Ricks joins Vanderbilt from Harvard Law School, where he was a visiting assistant professor from 2010-12.
Hired in 2009 as the second member of the Treasury Department’s financial crisis management team, Ricks served the Obama administration as a senior policy advisor and financial restructuring expert in the U.S. Treasury Department’s Office of Capital Markets until 2010.
Before joining the Treasury Department, Ricks served from 2008-09 as a risk-arbitrage trader at Citadel Investment Group, a Chicago-based hedge fund. He had previously served from 2005-07 as a vice president in the investment banking division of Merrill Lynch & Co., where he specialized in strategic and capital-raising transactions for financial services companies. He began his career at Wachtell Lipton Rosen & Katz, where he worked as a mergers and acquisitions attorney from 2001-04.
He holds a J.D. (magna cum laude) from Harvard Law School and earned his undergraduate degree in history summa cum laude from Dartmouth College, where he was the winner of the Charles Downer Hazen Fellowship Award. His scholarly publications include “The Case for Regulating the Shadow Banking System,” which will appear in the forthcoming book Too Big to Fail? Resolving Large Trouble Financial Institutions in the Future (Brookings Institution Press); “Money and (Shadow) Banking: A Thought Experiment,” forthcoming in the Review of Banking and Financial Law, and “Regulating Money Creation After the Crisis (1 Harvard Business Law Review, 2011). He is also the author of “A Former Treasury Adviser on How to Really Fix Wall Street,” which appeared in the December 17, 2011, edition of The New Republic.
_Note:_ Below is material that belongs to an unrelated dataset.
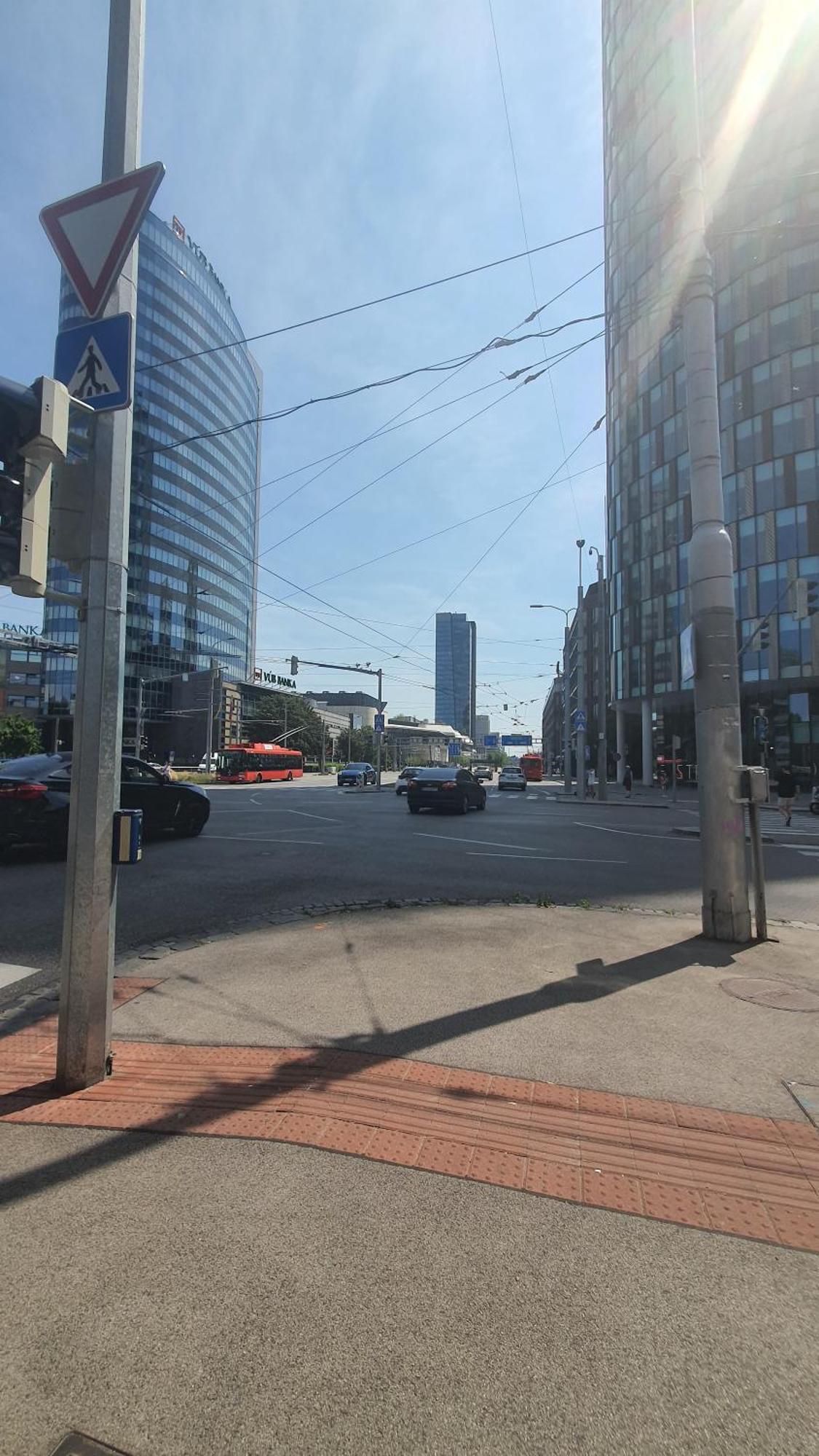 Mlynske Nivy 6, Ba Apartman Pozsony Kültér fotó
“I am particularly delighted that Morgan is joining our faculty,” said Randall Thomas, professor of law and director of Vanderbilt’s Law & Business Program. “He brings a wealth of experience in the regulation of financial markets from his work with the Treasury Department and in the legal academy. His knowledge and skills will be an asset to the Law and Business Program.”
At Vanderbilt, Ricks will teach Regulation of Financial Institutions and a seminar, Regulating Financial Stability.